Só me é possível apreciar óperas em DVDs porque criei laços afetivos com o gênero já na infância e também na juventude, assistindo muitas encenações ao vivo. Meus pais não eram ricos e, mesmo assim, tive a chance de assistir tais espetáculos em suas cores, em seus resultados sonoros sempre únicos, podendo captar os movimentos de palco em sua totalidade e nos detalhes - cenários, figurinos, iluminação e encenação. Pude, assim, trocar impressões nos intervalos e retocar a maquiagem depois de ir às lágrimas nos eletrizantes momentos em que “o teatro vinha abaixo” com performances que jamais se repetiriam. Meu testemunho já é de um tempo de quase declínio nas décadas de 50 a 80. Mas é possível afirmar que nas primeiras décadas do século XX, muitos jovens da classe média carioca tiveram acesso ao fluxo intenso de apresentações de ópera, em temporadas internacionais repletas de artistas notáveis, quando essa era uma atividade cultural não apenas economicamente viável, mas também lucrativa para os teatros e os empresários.  

A situação atual de abstinência de projetos de boas montagens de ópera ao vivo pode vir a representar o fim desta cultura na cidade do Rio de Janeiro, contrariando-se, assim, a força de sua tradição como capital mundial da música em geral e da ópera, em particular. 

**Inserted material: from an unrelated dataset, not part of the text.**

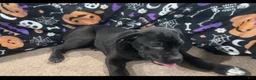 Cane Corso dogs for sale: Cane Corso socks - Ad 3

A música popular, nacional e internacional, teria o mesmo destino patético - morreria à míngua, não fossem as apresentações ao vivo. Paul McCartney não abre mão de seus shows em turnês internacionais. Em breve, voltará ao Brasil e já pela quinta vez. Empresários brasileiros investem em grandiosos festivais de música para orgulho da cidade e para gringo nenhum botar defeito. Por que, então, as cachoeiras de dinheiro aplicadas nas mega produções de música pop não podem ser em parte aproveitadas para trazer ao Rio a ópera de boa qualidade? Já teve ópera na Apoteose. O estádio de futebol “Engenhão”, que serviu de palco ao beatle, poderia ser aproveitado para montagem de ópera. O “Maracanãzinho” também, aliás, disponibilizando boa acústica. E lá está o Municipal todo reformado para as noites de gala preferidas pelos que podem e queiram priorizar a ópera em seus critérios de consumo cultural. Nada impede que o espetáculo seja realizado no Rio de Janeiro e daqui transmitido para todo o mundo. 

Os próprios cantores líricos, principalmente as grandes estrelas, poderiam ter uma participação mais direta e investir em projetos de valorização das temporadas de ópera e sua difusão junto aos círculos mais amplos do público mundial, sem dispensar o apoio das moderníssimas tecnologias, dos recursos da internet que, afinal, é instrumento e jamais substituirá a experiência artística única das encenações ao vivo.